Но, наконец, мне немного повезло: жена Меньжинского, Мария Николаевна, умная и образованная женщина, вступила в канцелярию и взяла на себя заведыванье регистрацией. И она стала строго следовать установленным порядкам. И я, хоть в этом отношении, с облегчением вздохнул.
III
Выше я изобразил те, мягко выражаясь, трения, которыми сопровождались мои нововведения. И, конечно, у читателя может зародиться вопрос, – да чем же это объясняется? Само собою, объяснения этому следует искать в личном составе, в порядке его набора.

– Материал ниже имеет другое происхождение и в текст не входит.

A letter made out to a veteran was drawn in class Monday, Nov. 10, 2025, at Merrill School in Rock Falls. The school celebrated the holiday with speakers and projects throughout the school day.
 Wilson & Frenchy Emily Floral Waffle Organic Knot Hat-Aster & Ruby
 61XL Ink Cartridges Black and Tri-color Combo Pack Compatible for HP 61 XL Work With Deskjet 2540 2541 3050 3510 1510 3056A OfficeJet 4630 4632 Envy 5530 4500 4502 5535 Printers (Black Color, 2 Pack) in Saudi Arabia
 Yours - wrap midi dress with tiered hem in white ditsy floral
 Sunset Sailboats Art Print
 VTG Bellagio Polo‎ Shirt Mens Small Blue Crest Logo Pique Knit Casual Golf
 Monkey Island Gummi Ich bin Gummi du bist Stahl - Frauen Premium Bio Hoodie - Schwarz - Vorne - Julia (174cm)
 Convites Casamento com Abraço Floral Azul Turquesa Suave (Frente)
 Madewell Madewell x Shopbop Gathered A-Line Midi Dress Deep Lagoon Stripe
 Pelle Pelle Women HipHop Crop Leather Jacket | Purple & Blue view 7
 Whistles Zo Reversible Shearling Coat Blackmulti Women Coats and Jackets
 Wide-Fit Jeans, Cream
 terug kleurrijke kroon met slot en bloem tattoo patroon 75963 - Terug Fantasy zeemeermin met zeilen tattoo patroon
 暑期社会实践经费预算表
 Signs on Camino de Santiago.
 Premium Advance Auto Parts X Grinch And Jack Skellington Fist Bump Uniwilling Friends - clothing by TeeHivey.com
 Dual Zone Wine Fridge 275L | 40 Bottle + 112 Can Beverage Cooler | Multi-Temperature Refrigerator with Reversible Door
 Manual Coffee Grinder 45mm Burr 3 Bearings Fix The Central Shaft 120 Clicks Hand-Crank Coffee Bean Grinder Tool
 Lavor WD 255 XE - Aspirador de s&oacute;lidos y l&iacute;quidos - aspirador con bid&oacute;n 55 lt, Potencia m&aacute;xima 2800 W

Посольство прибыло из России. Во главе его стоял Иоффе. При нем были его жена и дочь – подросток, лет тринадцати. И, кроме того – личный секретарь посла Марья Михайловна Гиршфельд. Человек уже лет около сорока, Иоффе отличался очень мягким и, в сущности, безобидным характером. Но у него была своя тяжелая семейная драма, о которой я упоминаю лишь постольку, поскольку созданная ею коллизия отражалась на его высоком положении посла. Легко поддаваясь постороннему влиянию, Иоффе не мог сам разобраться в своих интимных делах и сделать тот или иной решительный шаг. А потому и немудрено, что молоденькая девушка, в сущности и неумная и совсем мало образованная, да к тому же и крайне бестактная, но требовательная и напористая, оказалась влиятельным лицом в посольстве, неся скромную должность личного секретаря посла. Таким образом Иоффе все время вращался между двух огней: с одной стороны была его семья, жена и дочь, которую он очень любил, с другой – его секретарь. Отсюда вечные внутри его трения, вечная нервность и настороженность, что не могло, конечно, не отражаться и на делах.
Пользуясь своим влиянием, Марья Михайловна и являлась одним из главных лиц, набиравших личный состав посольства. Но руководилась она не интересом дела, а исключительно личными симпатиями и антипатиями.